Apply per-column standardization transforms.

standardization:
  rules:
    email: [email]
    first_name: [name_proper, strip]
    phone: [phone]
    zip: [zip5]

Standardizers have a native Polars fast path (_NATIVE_STANDARDIZERS) that avoids Python UDFs for common transforms.

6. Matchkeys

Compute matchkey columns by applying field transforms.

df = gm.compute_matchkeys(df, matchkeys)
# Adds __mk_exact_email__, __mk_fuzzy_name__, etc.

Internal columns are prefixed with __mk_*__. Matchkey transforms also have a native Polars fast path (_try_native_chain).

7. Block

Reduce the comparison space by grouping records that share a blocking key.
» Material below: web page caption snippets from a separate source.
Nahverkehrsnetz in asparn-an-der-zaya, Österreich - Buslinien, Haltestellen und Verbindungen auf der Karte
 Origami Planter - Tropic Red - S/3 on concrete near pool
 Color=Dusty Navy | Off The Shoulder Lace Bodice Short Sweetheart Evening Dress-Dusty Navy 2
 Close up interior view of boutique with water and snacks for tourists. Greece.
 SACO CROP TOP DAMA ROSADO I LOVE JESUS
blocks = gm.build_blocks(df, blocking_config)
# Returns list of DataFrames, one per block

Blocking key choice dominates fuzzy performance — coarse keys create huge blocks. Use auto_select: true to let GoldenMatch pick the best key by histogram analysis. Dynamic block splitting automatically handles oversized blocks by splitting on the highest-cardinality column.

8. Score

Compare record pairs within each block. Exact matching uses Polars self-join (not Python loops):

pairs = gm.find_exact_matches(lf, matchkey)  # lf: LazyFrame, matchkey: MatchkeyConfig

Fuzzy matching uses rapidfuzz.process.cdist for vectorized NxN scoring:

pairs = gm.find_fuzzy_matches(block_df, matchkey, exclude_pairs=set())

Parallel scoring: blocks are scored concurrently via ThreadPoolExecutor. RapidFuzz’s cdist releases the GIL, so threads give real parallelism. For 2 or fewer blocks, threading overhead is skipped. Intra-field early termination: after each expensive field, the scorer breaks early if no pair can reach the threshold. Backend selection: _get_block_scorer(config) returns score_blocks_parallel (threads) or score_blocks_ray (Ray distributed) based on config.backend.

9. Cluster

Group matched pairs into clusters via iterative Union-Find.

clusters = gm.build_clusters(scored_pairs)
# Returns dict[int, dict] with keys: members, size, pair_scores, confidence, bottleneck_pair

Confidence scoring: confidence = 0.4 * min_edge + 0.3 * avg_edge + 0.3 * connectivity. The bottleneck_pair identifies the weakest link in each cluster. Incremental updates:

gm.add_to_cluster(record_id, matches, clusters)   # Join or merge clusters
gm.unmerge_record(record_id, clusters)             # Remove and re-cluster
gm.unmerge_cluster(cluster_id, clusters)           # Shatter to singletons

10. Golden

Merge each cluster into one canonical record.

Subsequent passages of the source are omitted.